Documentation on decryption of encrypted config.xml files is not correct

Added by Dennis Adler over 2 years ago. Updated about 2 years ago.

Status:
Resolved
Priority:
Normal
Assignee:
Category:
Backup / Restore
Target version:
-
Start date:
Due date:
% Done:

100%

Estimated time:

Description

The information listed in the pfSense online manual at https://docs.netgate.com/pfsense/en/latest/backup/restore.html, which was changed in response to a previous bug (https://redmine.pfsense.org/issues/11162 -- hence the regression tag) does not allow me to decrypt newer backup files. The online manual references v2.5.0 (CE?); I tested this against 22.05 but suspect it impacts every version that uses the more secure password hashing algorithm for encrypting backups.

For all of the details, please see the TAC ticket https://portal.netgate.com/tickets/details/1105865744?back=tickets. I'm just listing the doc fixes in this bug.

First, it is not necessary to use grep to strip the BEGIN or END lines, nor is it necessary to base64 decode the file first. OpenSSL, at least as of v1.1.1, is quite happy to deal with these files as-is if you simply add "-a" to the decryption switch set. If you really want to lean things down, according to other online sources I read, you can do away with "-salt" as that is automatically added (though I DID NOT verify that)

The pre-2.5.0 decryption can happen with a single command. Using Windows CMD file format, the line would be:

openssl enc -d -a -aes-256-cbc -md md5 -in %1 -out %2

Where %1 is the input file (encrypted, base64 format) and %2 is the desired output file.

For 2.5.0 and later, this changes slightly:

openssl enc -d -aes-256-cbc -salt -md sha256 -pbkdf2 -salt -iter 500000 -a -in %1 -out %2

Same arguments as the pre-2.5.0 version. Again, you may be able to remove the -salt argument; further according to OpenSSL documents, -iter forces -pbkdf2. It does not hurt to leave these there though.

I have tested the pre-2.5.0 command on some older, pre 2.5 SG-3100 files and it works as expected. I had to search the GitHub sources (specifically, https://github.com/pfsense/pfsense/blob/master/src/etc/inc/crypt.inc) to learn the iteration count. Without the same iteration count, the password string supplied will not decrypt the file, whether or not the password supplied is the same one that works in the GUI.
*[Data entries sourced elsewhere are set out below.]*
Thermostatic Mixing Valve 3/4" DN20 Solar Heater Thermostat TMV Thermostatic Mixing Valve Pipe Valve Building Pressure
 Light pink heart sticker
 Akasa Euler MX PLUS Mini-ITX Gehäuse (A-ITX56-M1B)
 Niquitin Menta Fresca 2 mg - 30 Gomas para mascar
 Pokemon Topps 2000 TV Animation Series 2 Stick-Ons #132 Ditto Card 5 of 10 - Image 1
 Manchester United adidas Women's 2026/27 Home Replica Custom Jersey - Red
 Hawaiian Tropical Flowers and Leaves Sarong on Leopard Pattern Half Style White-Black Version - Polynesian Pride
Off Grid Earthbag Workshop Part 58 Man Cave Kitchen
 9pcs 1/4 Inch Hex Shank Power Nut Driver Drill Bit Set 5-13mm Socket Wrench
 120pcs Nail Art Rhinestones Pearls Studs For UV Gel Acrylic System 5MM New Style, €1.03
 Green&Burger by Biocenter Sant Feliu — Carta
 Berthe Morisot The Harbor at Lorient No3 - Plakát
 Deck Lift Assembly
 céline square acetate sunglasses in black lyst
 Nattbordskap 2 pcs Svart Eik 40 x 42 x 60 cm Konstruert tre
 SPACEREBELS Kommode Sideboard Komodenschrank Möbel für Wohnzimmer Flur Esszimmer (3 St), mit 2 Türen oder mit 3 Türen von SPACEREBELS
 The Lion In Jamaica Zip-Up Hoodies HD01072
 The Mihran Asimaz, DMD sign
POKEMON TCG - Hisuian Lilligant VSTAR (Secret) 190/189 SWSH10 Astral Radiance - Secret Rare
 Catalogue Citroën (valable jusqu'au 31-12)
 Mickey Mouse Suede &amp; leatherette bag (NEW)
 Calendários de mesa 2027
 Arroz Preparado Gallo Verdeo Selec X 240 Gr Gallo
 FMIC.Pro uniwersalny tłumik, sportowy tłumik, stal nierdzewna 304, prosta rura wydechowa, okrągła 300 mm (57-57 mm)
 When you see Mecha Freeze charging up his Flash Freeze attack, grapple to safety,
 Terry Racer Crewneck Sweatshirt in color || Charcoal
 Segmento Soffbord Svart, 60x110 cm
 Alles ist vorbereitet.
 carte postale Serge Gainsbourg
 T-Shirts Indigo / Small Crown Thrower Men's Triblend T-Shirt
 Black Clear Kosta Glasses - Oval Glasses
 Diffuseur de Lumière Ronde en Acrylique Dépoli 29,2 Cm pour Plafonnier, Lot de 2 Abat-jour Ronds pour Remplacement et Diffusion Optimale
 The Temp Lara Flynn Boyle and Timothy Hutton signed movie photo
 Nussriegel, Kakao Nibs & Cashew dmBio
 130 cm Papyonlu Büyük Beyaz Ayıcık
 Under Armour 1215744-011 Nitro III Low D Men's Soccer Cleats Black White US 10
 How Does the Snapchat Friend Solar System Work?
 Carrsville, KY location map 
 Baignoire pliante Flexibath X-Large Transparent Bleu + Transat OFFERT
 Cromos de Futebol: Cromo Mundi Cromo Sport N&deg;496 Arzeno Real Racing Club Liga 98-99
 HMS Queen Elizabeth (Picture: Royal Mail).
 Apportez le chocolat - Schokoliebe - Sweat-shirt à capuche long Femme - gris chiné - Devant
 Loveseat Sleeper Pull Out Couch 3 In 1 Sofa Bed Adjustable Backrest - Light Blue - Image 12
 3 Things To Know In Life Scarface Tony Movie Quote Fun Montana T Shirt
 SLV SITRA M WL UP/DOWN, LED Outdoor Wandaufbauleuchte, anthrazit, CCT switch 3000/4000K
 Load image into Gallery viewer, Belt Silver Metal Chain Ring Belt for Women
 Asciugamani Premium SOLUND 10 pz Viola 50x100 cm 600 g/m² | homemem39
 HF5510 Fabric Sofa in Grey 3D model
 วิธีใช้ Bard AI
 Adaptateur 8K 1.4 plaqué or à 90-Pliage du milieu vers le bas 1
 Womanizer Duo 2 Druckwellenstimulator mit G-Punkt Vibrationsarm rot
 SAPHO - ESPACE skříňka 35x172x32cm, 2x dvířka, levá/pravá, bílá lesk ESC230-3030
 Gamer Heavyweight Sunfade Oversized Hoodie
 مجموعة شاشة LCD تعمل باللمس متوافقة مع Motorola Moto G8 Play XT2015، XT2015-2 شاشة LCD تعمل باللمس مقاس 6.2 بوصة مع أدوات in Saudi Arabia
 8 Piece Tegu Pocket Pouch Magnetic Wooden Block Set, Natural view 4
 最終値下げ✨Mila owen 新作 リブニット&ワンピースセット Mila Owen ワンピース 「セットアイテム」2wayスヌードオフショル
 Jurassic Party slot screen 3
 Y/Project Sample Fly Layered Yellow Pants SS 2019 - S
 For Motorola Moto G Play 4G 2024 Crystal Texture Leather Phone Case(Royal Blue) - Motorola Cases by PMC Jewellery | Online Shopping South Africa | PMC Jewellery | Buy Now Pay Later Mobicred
This has been an on-going discussion on Netgate forums, e.g. see https://forum.netgate.com/topic/139561/pfsense-xml-config-file-can-we-decrypt-it-manually?_=1663227540973. Both the support tech on my TAC ticket and RColeman (a Netgate admin on the form) asked me to submit this via Redmine... so here it is.

If I may be so bold: you might want to add commends to crypt.inc noting these doc pages need to be changed anytime the algorithm or password handling (like iterations) change. I am curious, if you would care to share, how pfSense decides which method to use; do you simply try decrypting with the old pw style and then the new, to see what happens?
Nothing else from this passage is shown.